═══ Collected material ═══

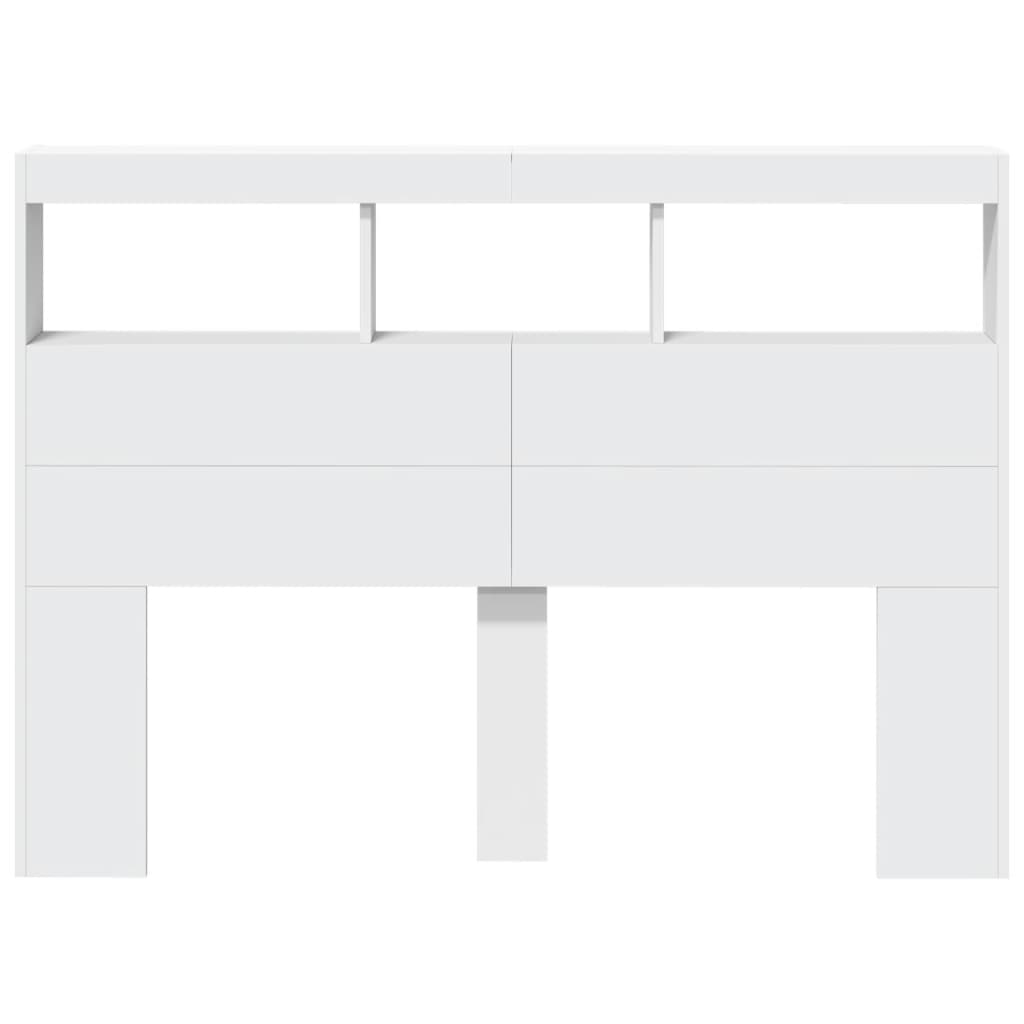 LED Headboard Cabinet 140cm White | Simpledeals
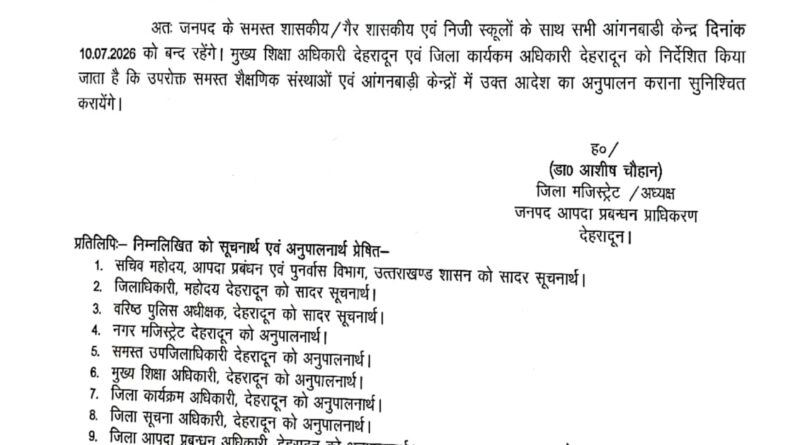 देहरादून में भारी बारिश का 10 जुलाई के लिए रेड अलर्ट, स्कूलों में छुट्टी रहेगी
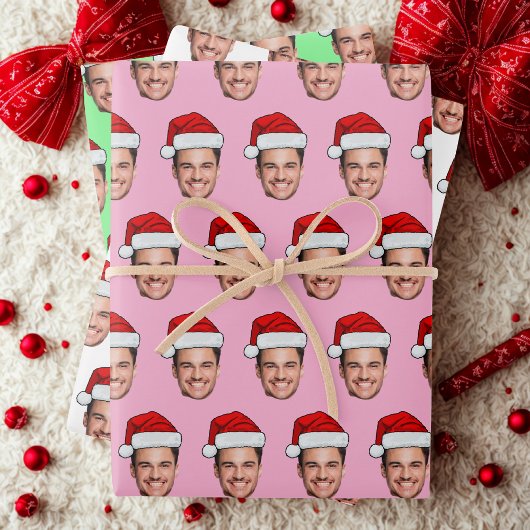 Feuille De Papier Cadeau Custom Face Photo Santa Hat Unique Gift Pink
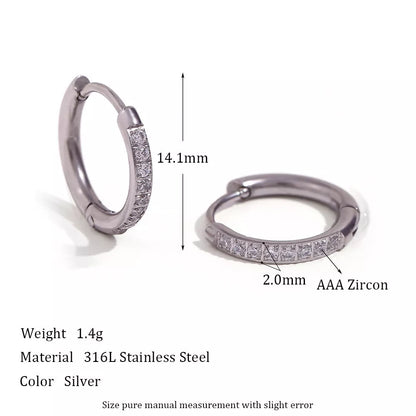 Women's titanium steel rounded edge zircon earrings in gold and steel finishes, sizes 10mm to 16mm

═══

• [Problem requirements] Omit every picture, then reproduce the rest of the listing exactly.

• [Task answer]
 LED Headboard Cabinet 140cm White | Simpledeals
 देहरादून में भारी बारिश का 10 जुलाई के लिए रेड अलर्ट, स्कूलों में छुट्टी रहेगी
 Feuille De Papier Cadeau Custom Face Photo Santa Hat Unique Gift Pink
 Women's titanium steel rounded edge zircon earrings in gold and steel finishes, sizes 10mm to 16mm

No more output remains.